## [What is required]
Give again, exactly as written, each line of the material below starting at the line that contains "Francia: il leasing" and ending at the line that contains "Zbliżenie otwartej Biblii". Both ends count, and no other line does.

## [The data]

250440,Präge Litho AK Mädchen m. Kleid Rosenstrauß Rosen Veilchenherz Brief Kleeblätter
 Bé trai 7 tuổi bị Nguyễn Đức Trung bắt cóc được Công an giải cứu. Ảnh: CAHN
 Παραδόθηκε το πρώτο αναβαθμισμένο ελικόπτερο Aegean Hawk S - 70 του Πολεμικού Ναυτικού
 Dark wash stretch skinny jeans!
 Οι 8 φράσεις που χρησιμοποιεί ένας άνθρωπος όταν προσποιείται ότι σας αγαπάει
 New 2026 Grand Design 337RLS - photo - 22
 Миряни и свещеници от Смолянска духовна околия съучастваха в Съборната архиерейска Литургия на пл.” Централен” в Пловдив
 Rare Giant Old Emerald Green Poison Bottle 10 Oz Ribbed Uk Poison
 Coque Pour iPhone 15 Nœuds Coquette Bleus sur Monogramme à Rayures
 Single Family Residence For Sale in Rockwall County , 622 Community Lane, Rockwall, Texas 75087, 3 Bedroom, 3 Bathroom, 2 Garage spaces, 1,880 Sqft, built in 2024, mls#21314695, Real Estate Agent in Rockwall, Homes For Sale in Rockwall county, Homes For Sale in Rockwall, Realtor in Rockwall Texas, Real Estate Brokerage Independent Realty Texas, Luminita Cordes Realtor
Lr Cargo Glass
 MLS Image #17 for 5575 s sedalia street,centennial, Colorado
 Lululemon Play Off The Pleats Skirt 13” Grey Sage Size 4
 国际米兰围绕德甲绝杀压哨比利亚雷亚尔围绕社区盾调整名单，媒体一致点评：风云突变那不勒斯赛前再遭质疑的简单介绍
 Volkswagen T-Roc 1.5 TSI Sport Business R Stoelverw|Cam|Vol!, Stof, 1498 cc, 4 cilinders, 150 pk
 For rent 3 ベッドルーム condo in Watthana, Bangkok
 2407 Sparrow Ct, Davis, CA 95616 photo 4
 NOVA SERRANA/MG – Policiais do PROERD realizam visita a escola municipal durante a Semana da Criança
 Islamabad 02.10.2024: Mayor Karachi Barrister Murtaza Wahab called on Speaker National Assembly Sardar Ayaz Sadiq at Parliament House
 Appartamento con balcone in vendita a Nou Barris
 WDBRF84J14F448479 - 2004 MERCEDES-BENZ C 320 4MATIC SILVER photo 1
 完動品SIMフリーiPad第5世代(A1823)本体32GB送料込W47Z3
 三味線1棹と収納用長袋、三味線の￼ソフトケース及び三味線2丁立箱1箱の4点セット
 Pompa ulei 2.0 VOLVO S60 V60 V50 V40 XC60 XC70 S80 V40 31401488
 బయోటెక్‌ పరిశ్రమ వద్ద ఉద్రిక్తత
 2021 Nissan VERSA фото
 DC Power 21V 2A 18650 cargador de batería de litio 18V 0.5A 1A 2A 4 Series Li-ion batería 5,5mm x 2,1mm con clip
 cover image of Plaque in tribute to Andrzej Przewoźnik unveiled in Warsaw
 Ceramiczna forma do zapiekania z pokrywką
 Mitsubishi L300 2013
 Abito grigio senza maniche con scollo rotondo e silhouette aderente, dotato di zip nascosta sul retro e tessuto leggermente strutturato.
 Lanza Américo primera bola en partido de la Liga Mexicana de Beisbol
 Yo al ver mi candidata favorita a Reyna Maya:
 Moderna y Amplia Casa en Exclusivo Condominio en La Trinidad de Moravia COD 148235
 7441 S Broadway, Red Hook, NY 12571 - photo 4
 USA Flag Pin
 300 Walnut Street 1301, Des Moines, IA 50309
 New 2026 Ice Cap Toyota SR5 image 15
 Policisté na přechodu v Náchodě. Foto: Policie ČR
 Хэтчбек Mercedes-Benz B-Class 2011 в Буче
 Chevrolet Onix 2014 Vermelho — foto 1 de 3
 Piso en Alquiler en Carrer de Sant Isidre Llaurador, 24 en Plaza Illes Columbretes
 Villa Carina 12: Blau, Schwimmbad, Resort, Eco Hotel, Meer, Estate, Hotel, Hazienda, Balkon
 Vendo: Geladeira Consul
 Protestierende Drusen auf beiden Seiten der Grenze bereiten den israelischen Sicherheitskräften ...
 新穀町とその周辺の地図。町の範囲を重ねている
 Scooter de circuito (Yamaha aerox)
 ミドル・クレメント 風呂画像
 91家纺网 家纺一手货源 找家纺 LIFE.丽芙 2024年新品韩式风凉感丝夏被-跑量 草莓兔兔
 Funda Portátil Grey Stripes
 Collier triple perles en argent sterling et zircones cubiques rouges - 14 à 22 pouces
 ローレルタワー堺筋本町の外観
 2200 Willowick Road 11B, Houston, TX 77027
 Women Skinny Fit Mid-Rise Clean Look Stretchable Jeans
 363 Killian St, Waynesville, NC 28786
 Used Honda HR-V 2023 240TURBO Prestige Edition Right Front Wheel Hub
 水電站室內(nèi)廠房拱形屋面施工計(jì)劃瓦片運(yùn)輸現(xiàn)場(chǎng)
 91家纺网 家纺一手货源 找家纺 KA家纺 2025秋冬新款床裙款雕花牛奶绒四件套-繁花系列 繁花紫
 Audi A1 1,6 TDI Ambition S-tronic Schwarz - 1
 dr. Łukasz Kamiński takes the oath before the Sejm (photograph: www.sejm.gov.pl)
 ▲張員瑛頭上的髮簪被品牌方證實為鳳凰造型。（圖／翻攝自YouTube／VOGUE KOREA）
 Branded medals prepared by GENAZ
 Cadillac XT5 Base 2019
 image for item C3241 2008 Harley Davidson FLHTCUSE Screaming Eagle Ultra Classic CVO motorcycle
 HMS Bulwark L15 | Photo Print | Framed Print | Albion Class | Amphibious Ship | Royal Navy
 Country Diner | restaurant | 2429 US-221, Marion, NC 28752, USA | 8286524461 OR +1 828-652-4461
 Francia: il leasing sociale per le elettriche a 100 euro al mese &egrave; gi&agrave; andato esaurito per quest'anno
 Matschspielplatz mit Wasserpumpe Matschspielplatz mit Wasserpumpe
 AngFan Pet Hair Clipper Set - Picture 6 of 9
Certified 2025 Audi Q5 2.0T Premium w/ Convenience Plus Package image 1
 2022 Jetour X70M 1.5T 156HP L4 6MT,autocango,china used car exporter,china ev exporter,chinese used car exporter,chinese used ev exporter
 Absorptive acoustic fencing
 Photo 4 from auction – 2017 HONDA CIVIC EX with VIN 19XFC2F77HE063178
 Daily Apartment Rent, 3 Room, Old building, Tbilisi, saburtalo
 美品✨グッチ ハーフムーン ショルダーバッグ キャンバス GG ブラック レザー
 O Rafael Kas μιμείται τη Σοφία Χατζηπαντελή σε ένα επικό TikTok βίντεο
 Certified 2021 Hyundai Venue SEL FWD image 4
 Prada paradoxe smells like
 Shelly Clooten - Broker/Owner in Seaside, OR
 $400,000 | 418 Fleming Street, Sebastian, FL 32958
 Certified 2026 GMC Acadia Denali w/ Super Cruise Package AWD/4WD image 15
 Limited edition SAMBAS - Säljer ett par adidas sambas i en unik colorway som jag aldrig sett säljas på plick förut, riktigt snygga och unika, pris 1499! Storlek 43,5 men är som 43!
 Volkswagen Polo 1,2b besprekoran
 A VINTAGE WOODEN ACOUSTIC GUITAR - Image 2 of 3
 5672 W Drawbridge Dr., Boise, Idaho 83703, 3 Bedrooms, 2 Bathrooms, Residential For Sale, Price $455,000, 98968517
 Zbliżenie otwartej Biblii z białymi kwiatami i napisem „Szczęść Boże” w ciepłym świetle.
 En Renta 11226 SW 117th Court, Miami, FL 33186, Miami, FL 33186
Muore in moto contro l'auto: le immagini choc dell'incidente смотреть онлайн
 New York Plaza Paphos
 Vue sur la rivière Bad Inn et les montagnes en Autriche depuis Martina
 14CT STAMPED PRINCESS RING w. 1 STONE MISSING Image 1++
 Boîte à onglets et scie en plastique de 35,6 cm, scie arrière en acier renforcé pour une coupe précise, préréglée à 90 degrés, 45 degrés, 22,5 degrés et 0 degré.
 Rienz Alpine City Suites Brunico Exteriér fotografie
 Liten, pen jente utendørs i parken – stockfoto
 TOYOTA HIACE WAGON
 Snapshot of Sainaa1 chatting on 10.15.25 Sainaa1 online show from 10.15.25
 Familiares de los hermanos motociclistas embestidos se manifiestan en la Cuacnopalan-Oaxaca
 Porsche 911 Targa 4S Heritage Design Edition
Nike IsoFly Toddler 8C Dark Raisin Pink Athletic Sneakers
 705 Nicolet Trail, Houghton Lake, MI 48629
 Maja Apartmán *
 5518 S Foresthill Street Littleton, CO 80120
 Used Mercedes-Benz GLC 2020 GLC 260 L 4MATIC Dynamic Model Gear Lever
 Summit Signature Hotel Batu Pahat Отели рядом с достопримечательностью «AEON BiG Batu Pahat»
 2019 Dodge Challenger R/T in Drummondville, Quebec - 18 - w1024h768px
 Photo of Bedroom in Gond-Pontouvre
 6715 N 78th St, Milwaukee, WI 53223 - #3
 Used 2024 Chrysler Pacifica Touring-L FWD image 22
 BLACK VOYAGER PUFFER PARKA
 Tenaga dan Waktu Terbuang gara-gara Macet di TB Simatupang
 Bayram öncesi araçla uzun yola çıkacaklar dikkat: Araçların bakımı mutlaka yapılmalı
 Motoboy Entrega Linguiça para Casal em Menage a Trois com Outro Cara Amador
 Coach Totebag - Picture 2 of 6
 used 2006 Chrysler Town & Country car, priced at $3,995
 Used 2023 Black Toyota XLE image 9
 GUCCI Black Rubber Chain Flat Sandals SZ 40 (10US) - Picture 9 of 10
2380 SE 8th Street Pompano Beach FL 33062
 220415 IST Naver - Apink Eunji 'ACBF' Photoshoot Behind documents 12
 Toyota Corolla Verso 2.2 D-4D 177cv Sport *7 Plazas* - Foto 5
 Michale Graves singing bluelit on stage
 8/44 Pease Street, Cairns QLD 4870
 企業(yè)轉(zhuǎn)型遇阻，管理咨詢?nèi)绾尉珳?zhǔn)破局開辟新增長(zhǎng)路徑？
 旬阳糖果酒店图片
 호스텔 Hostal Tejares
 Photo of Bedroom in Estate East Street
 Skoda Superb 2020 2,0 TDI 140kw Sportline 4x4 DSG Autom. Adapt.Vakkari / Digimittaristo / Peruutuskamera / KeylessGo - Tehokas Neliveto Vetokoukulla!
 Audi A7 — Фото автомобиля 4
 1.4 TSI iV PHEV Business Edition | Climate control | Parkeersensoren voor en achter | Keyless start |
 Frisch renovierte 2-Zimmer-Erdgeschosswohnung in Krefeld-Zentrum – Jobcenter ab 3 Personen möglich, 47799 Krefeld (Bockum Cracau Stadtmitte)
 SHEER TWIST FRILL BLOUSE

## [Completed task]
 Francia: il leasing sociale per le elettriche a 100 euro al mese &egrave; gi&agrave; andato esaurito per quest'anno
 Matschspielplatz mit Wasserpumpe Matschspielplatz mit Wasserpumpe
 AngFan Pet Hair Clipper Set - Picture 6 of 9
Certified 2025 Audi Q5 2.0T Premium w/ Convenience Plus Package image 1
 2022 Jetour X70M 1.5T 156HP L4 6MT,autocango,china used car exporter,china ev exporter,chinese used car exporter,chinese used ev exporter
 Absorptive acoustic fencing
 Photo 4 from auction – 2017 HONDA CIVIC EX with VIN 19XFC2F77HE063178
 Daily Apartment Rent, 3 Room, Old building, Tbilisi, saburtalo
 美品✨グッチ ハーフムーン ショルダーバッグ キャンバス GG ブラック レザー
 O Rafael Kas μιμείται τη Σοφία Χατζηπαντελή σε ένα επικό TikTok βίντεο
 Certified 2021 Hyundai Venue SEL FWD image 4
 Prada paradoxe smells like
 Shelly Clooten - Broker/Owner in Seaside, OR
 $400,000 | 418 Fleming Street, Sebastian, FL 32958
 Certified 2026 GMC Acadia Denali w/ Super Cruise Package AWD/4WD image 15
 Limited edition SAMBAS - Säljer ett par adidas sambas i en unik colorway som jag aldrig sett säljas på plick förut, riktigt snygga och unika, pris 1499! Storlek 43,5 men är som 43!
 Volkswagen Polo 1,2b besprekoran
 A VINTAGE WOODEN ACOUSTIC GUITAR - Image 2 of 3
 5672 W Drawbridge Dr., Boise, Idaho 83703, 3 Bedrooms, 2 Bathrooms, Residential For Sale, Price $455,000, 98968517
 Zbliżenie otwartej Biblii z białymi kwiatami i napisem „Szczęść Boże” w ciepłym świetle.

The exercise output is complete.